I’m wondering if there are any suggestions to work around this - perhaps using SetAutoSave to force writing more often? I’ll go back and try the TChain::Merge with the fast option back on. Any other ideas?

Thanks,
Heather

Heather,

It would us time and energy (::slight_smile: if you could try with version 5.17/06

Rene

Hi Rene,

I downloaded the v5.17/06 binaries for rhel4-gcc3.4 and tried out hadd with the same set of files. In this case, I just used hadd with the default “fast” option and passed in all 104 files to the program. This job also failed - it got through over 10 GB of the data, but terminated in a similar fashion as before, and seemingly hitting a limit on memory usage:
Exited with exit code 134.

Resource usage summary:

CPU time   :    321.59 sec.
Max Memory :      2247 MB
Max Swap   :      2949 MB

We have tried merging the files in two sets and then merging the two files into one, that also fails. Any suggestions?

Thanks,
Heather

Heather,

Are you merging files containing memory-resident Trees? That is the only explanation that
I can find to your problem.
Could you send me the result of TTree::Print on one of your Trees (or for all your Trees inside one file in case you have more than one?

Rene

Hi Rene,

Please find attached the dump from TTree::Print from all 104 TTrees. I do not believe they are memory resident - looking back at the code, TFile was indeed called before the TTrees were created. Though, I’d be quite happy with an easy fix such as that :slight_smile: As you will see, all the trees contain 100000 events, except the last one.

Take care,
Heather
ttreePrint.txt (283 KB)

Heather,

Could you post one of your files somewhere in a public read area?

Rene

Hi Rene,

Thanks for taking a look. I posted a file here:

/afs/slac.stanford.edu/g/glast/ground/glastsoft/temp/r0216952972_e00000000000000055099_cal.root

Let me know if you have any trouble accessing it, I believe that area is readable from CERN via AFS.

Take care,
Heather

Heather,

Could you put this file in a public reable directory? I cannot access your file.

Rene

Hi Rene,

Apparently, I’m not that bright :slight_smile:
I put the file on the GLAST SLAC FTP space instead:

ftp://ftp-glast.slac.stanford.edu/glast.u33/heather

Hope that works this time!

Take care,
Heather

Hi Heather,

I have investigated your problem when merging your files.
Your file contains a Tree (110 Mbytes with 7 branches). Your branches have 100000 baskets of 32 Kbytes each of uncompressed data, but with an average compression factor of 119 !!

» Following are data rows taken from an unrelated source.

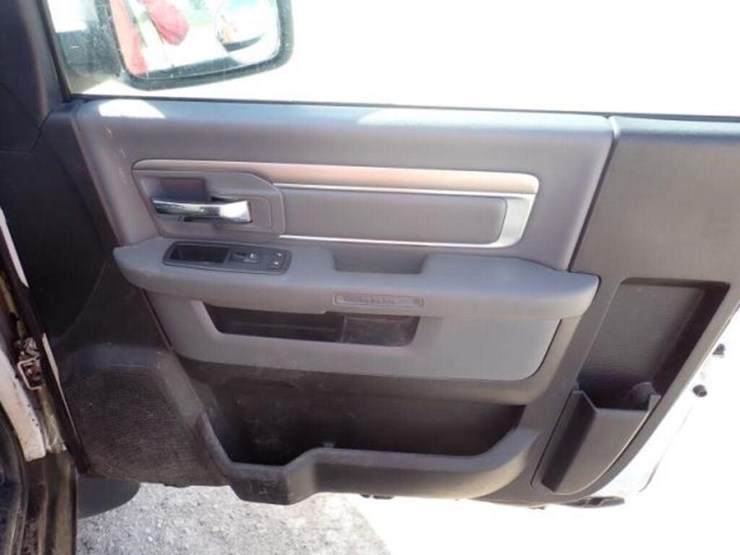 2013-dodge-ram-1500-image-37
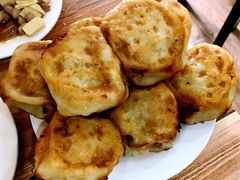 -宝瑞门钉肉饼店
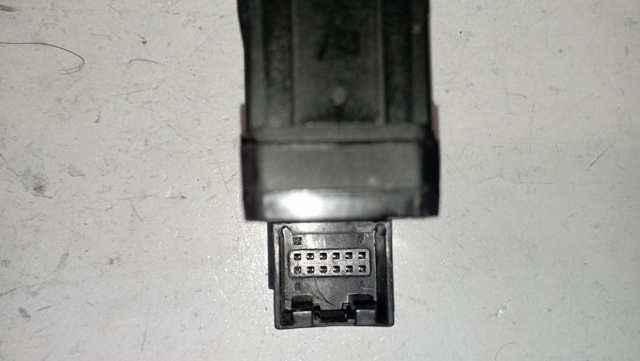 8K1927225E Interruptor del freno de estacionamiento electromecánico  comprar en Pontevedra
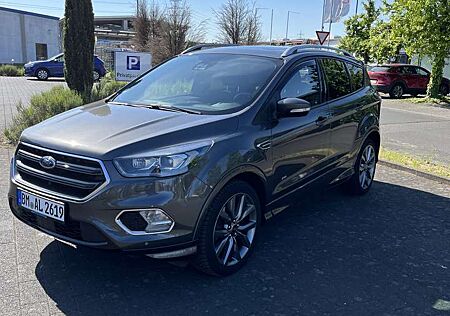Ford Kuga 1.5 EcoBoost 4x4 Aut. Black & Silver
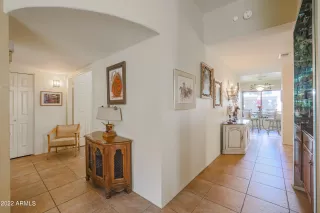 Photo #4: 6361284 Listing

[code]*Br 3 :CalXtalAdcPedAllRange[16][8][12][2][4] : *

  •     | CalXtalAdcPedAllRange[16][8][12][2][4]/F                         *
    

*Entries :100000 : Total Size= 4928500635 bytes File Size = 37158789 *
*Baskets : 100000 : Basket Size= 32000 bytes Compression= 132.57 *
[/code]
ie you are streaming arrays with 0s. The effective not compressed data in your Tree
is 13.5 Gbytes ! If this tree is typical for your data (and I do not believe this), you should increase your basket size from 32000 to say 1000000.
Just in case you are not aware, we have introduced recently a new class THnSparse for an efficient storage of sparse multidim data (both memory and file). In case of 5-dim data, the gain is typically 1000 compared to the direct 5-d array.

Rene

Hi Rene,

Yes, that is a particularly sparse set of data, though those multi-dimensional arrays are typically rather sparse. There is an ongoing discussion concerning the apparent desire of some of users for fixed length arrays, versus the use of variable length arrays. We will definitely look at the new ROOT objects for sparse arrays.

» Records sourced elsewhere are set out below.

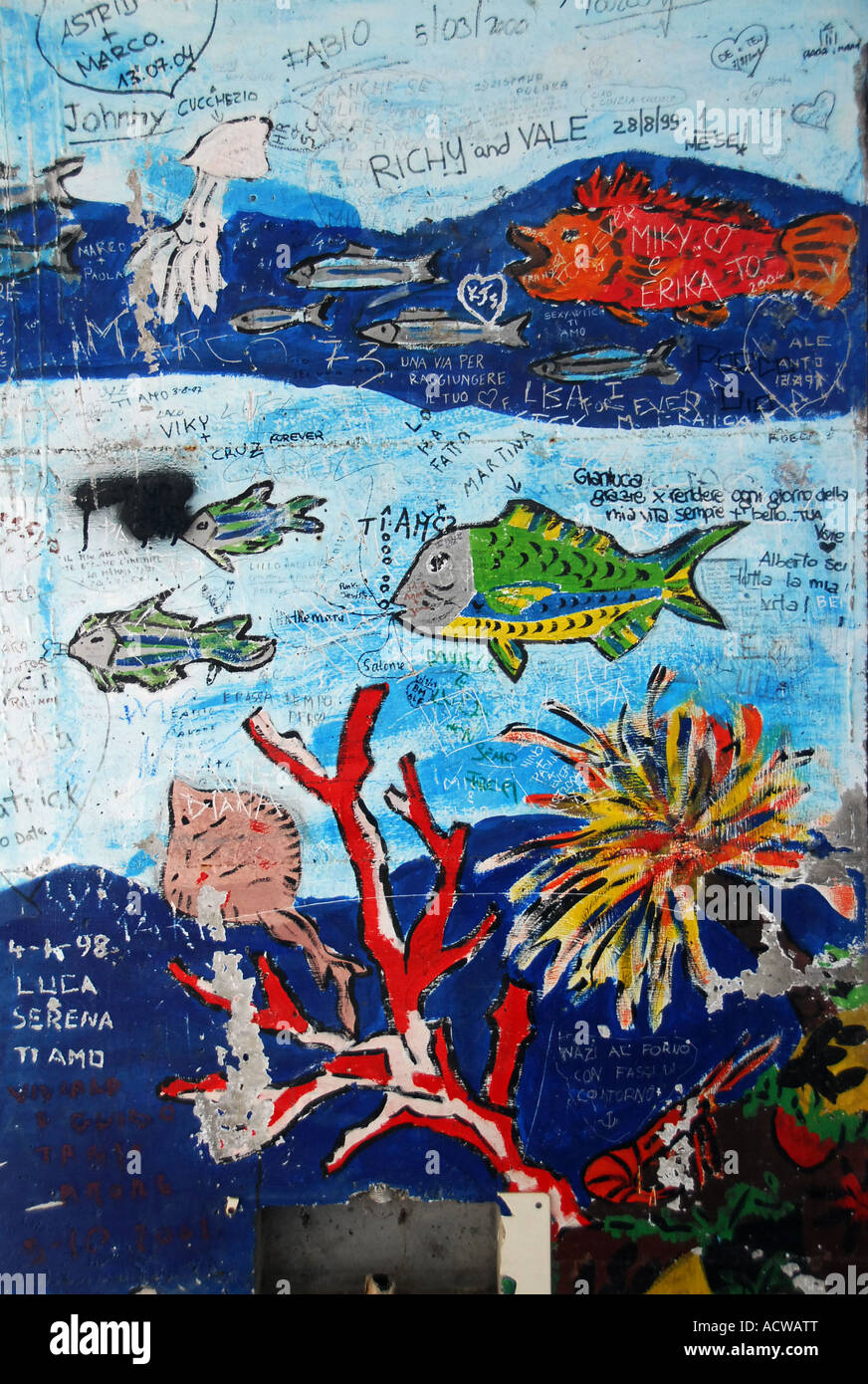 Graffiti sur mur . Via dell'Amore de ronde entre Riomaggiore et Manarola , Ligurie , Italie du Nord , Europe . Banque D'Images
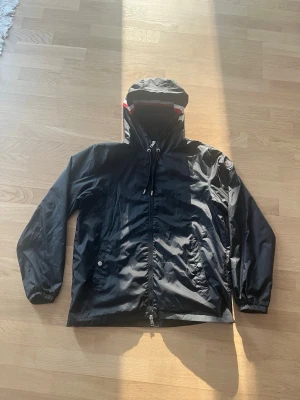 Moncler windbreaker  - Moncler windbreaker i nyskick, strl 3 vilket motsvarar L men sitter mer som M! Alla tags finns kvar och Scan fungerar rakt på Moncler märket men även via qr koden. Perfekt nu inför våren. JACKAN ÄR SJÄLVKLART ÄKTA!  Hör av er vid funderingar 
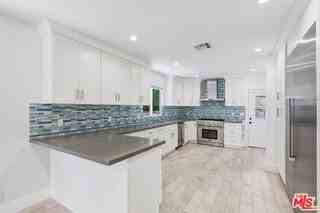 869 Warren Ave - Photo 7 of 8
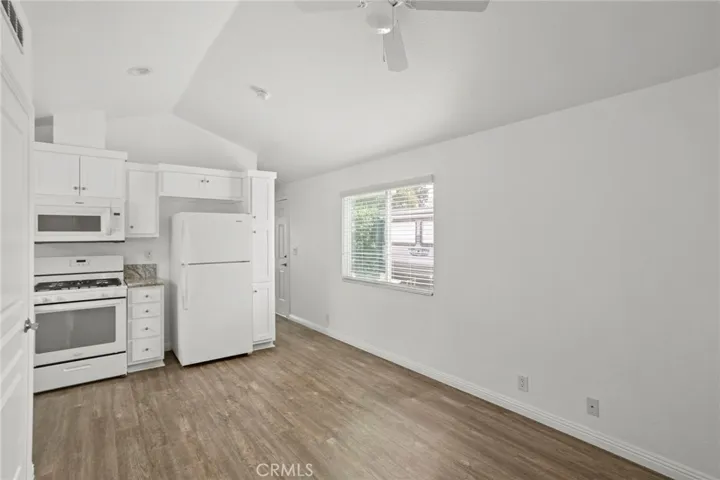7650 Balboa Boulevard 43, Van Nuys, California 91406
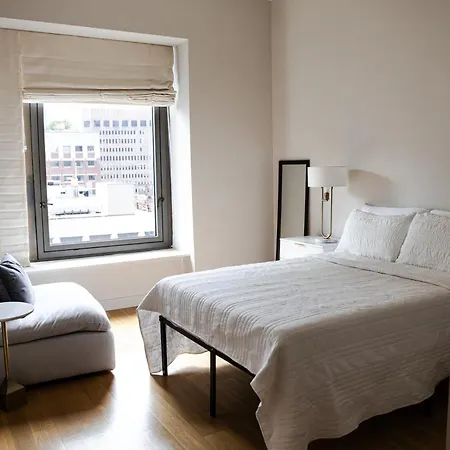 Premier Host - Luxurious Stunning High-floor Corner 2-bedroom *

One more question, even if all of our data is not quite so sparse, what is the drawback of just increasing our basket size to something like 1000000 ? We do invoke TTree::AutoSave more frequently than the default to limit data loss in the case of a job crash. The increased basket size reduces our ntuple file sizes and takes care of these intermittent hadd issues with some of our ntuples - it seems that a larger basket size would make sense for us in this case. Surely there is a cost we are over-looking.

Take care,
Heather

-First point: Multi-dim arrays. Execute $ROOTSYS/tutorials/hist/sparsehist.C and you will see that for dimensions >= 3 ,THnSparse beats fix size arrays by large factors (time and memory).

-Second point: buffersize. Increasing the branch buffer size has 3 drawbacks
-it takes more space in memory
-if your job crashes you loose more data
-calling AutoSave too frequently will slow down your program because there is more data to stream with the Tree header at each call to AutoSave.

Rene